This is what passed through my mind as I half-listened to my editor offering me the “news gig” of Magus Magazine. “Look.” He drawled. “You get to report occult and esoteric news around the globe. You can say whatever you want, however you see it.” Although I suspected him of glue-sniffing, I felt the offer should elicit a response. “If you want me to write current events, I’m gonna need a food stipend for my travels and complete control over the ‘News Section’ of your filthy magazine.” “Done.” He blurted and hung up. He was right, I guess, and I felt somewhat defiled after the conversation. But if I’m gonna do something, you can rest assured it’ll be wild and righteous. After all, the tide is coming in fast.  

Network of the Numinous

The most compelling question asked by occultists and other erudite of thought concerns the nature of the external world and our place within it. Often times, we simply take for granted what constitutes reality. This doesn’t always have to happen. Occultists can learn a lot from the philosophical viewpoints of Hilary Putnam, Nelson Goodman, and Paul Feyerabend. Because these philosophers had fascinating responses to realism, their trains-of-thought provide valuable insights into occult ideas of interpreting reality.

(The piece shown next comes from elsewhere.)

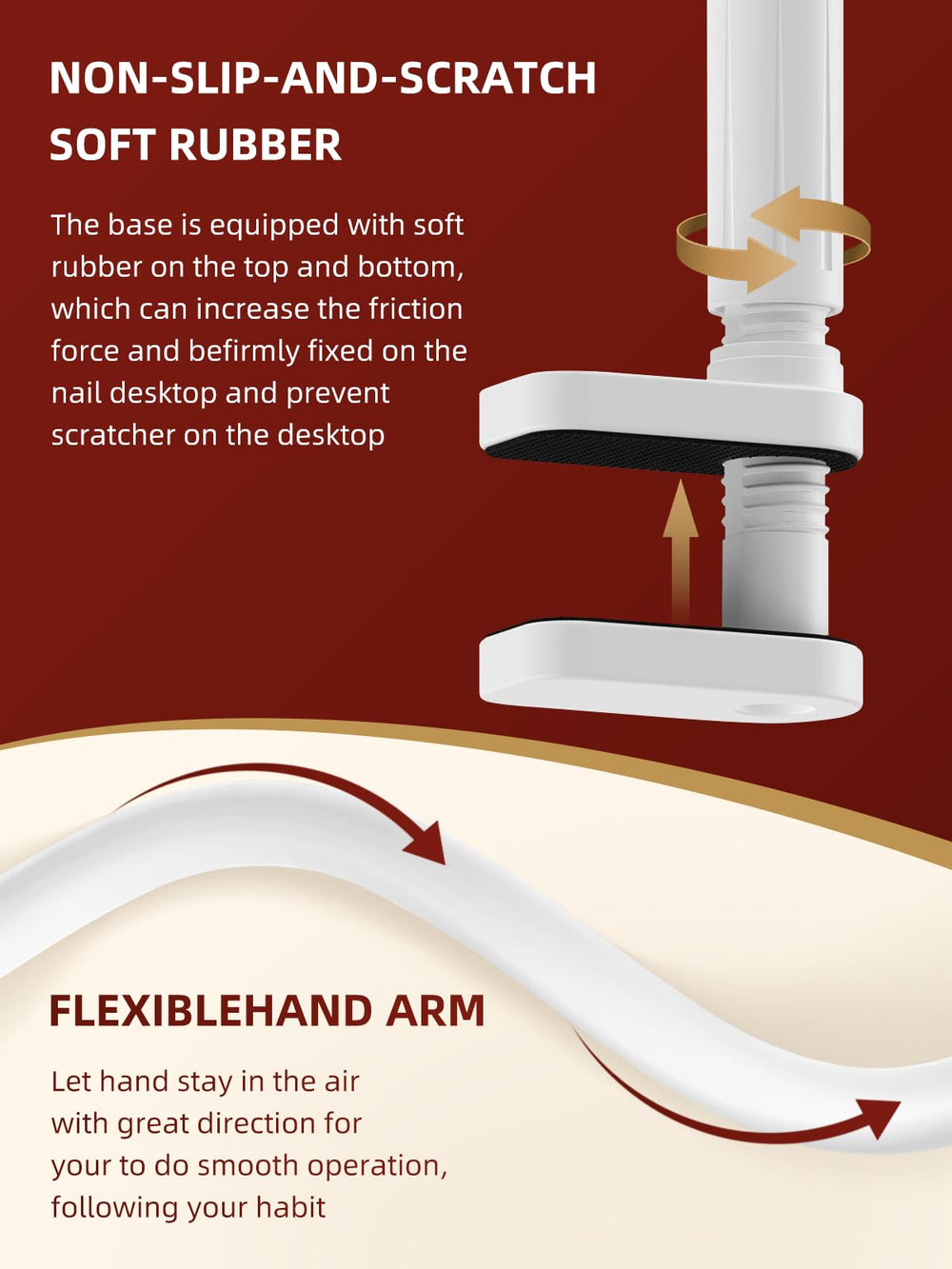 NIQZOPA reusable mannequin hand features aluminum bones for durable, bendable nail practice.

Hilary Putnam holds a post-realist approach to reality. Whereas a realist would say that this world is not dependent on human minds for existence, Putnam asserts that the external world is mind and theory dependent. He goes so far as to say the world is a human construction. In other words, what exists and the nature of what exists is relative to society. He remarks,   “There is, then, nothing in the history of science to suggest that it either aims at or should aim at one single absolute version of the world.” As we formulate a theory in society, we construct a world. Therefore, all versions of world-making are equally valid.

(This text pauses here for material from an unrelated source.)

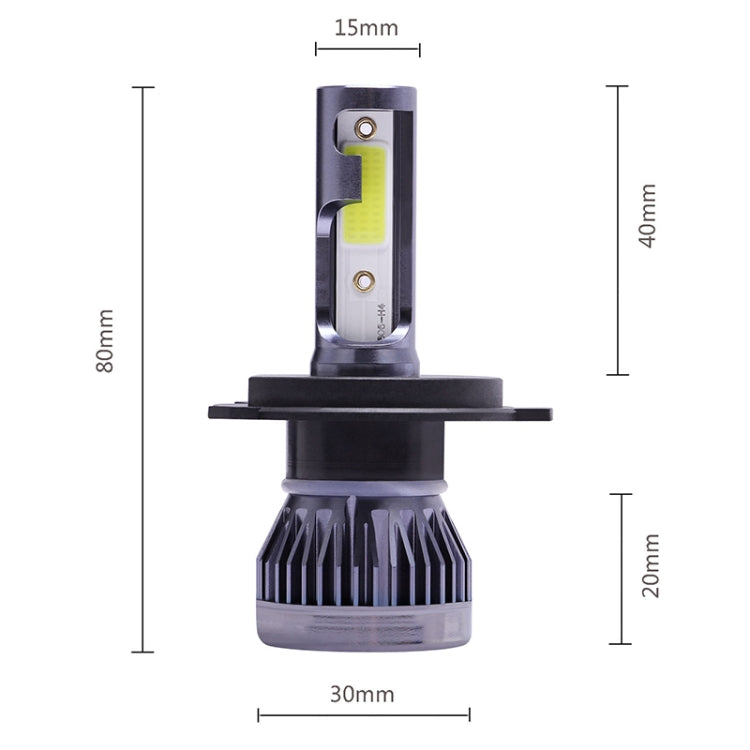 2 PCS H4 DC9-36V / 36W /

Because society delineates what exists in the external world, construction becomes an important facet of the network of the numinous. Malaysia has mastered this idea perfectly. As part of their social organization, Malaysians include magick as a key ingredient of both their belief systems and social solidarity. The magic that accompanies their religious convictions is an integral aspect of understanding Malaysian reality. Although the Western World largely trivializes magick as something anachronistic or archaic pagan debris, for the Malaysians it is accepted as part of their everyday lives. It is something that is ‘true’ and ‘real’. As Goodman eloquently states, “if we make worlds, the meaning of truth lays not in these worlds but in ourselves-or better, in our versions and what we do with them.”
The question then becomes how we create a world. What is the process of constructing the occult world? For both Putnam and Goodman, we construct objects and set the boundaries through language. We don’t infer inductively the external world because we created it. But it’s not a case of “anything goes” when we construct our world. There must be a distinction between truth and our beliefs. Goodman provides a candid solution in which world-making might be limited. He uses a simple stereo as a platform. When we identify the various properties of a stereo (speakers, turntable, remote etc…) we exhibit a good amount of ‘making’ what is ‘already there’. However, for somebody who has never seen a stereo, that sort of world-making does not occur. It is lost on them. The world then is always in a state of flux and dependent on contextual circumstances. What is real or a world for one person may not be the case for somebody else. This makes looking through the lens of occult as viable as any socio-political point of view. Bruno Latour also makes this point when he remarks that “there are many worlds, those of cultures, those of viewpoints, those of beliefs and psychological states, those of religious dogmas. But those many worlds have only subjective relevance.” For somebody not privy to occult symbolic systems and language, it is easy to simply not recognize its many properties perhaps even during an experiential event.

Feyerabend’s ‘paradigm of appearances’ is also valuable in the occult’s network of the numinous. In particular, god in the three Abrahamic religions provides a solid platform with which to approach the mechanisms of occult thought. He suggests that the Christian, Judaic, and Muslim god is ultimately the same god but described differently. This god appears to people in different ways but it’s the same reality. Gods and reality are ineffable and determined by interpretations of appearances. For Feyerabend, just as in modern occultism, reality is pliable and we sculpt the external world. This becomes very interesting when we start to include other Semitic gods and goddesses as well as tribal spirits and local deities that still are geographically present in the area. Do we sculpt interactions between these deities? How might political nuances change due to serious consideration of the entities in the area? Because different peoples, like occult groups, share many aspects of characteristics, potentially every occult group is all occult groups. This is an encouraging thought because it recognizes the many shared mechanisms in thought and belief. And as we construct our realities through rites and symbol, it’s easy to embrace our many similarities and forget, at least temporarily, where our experiences of reality differ.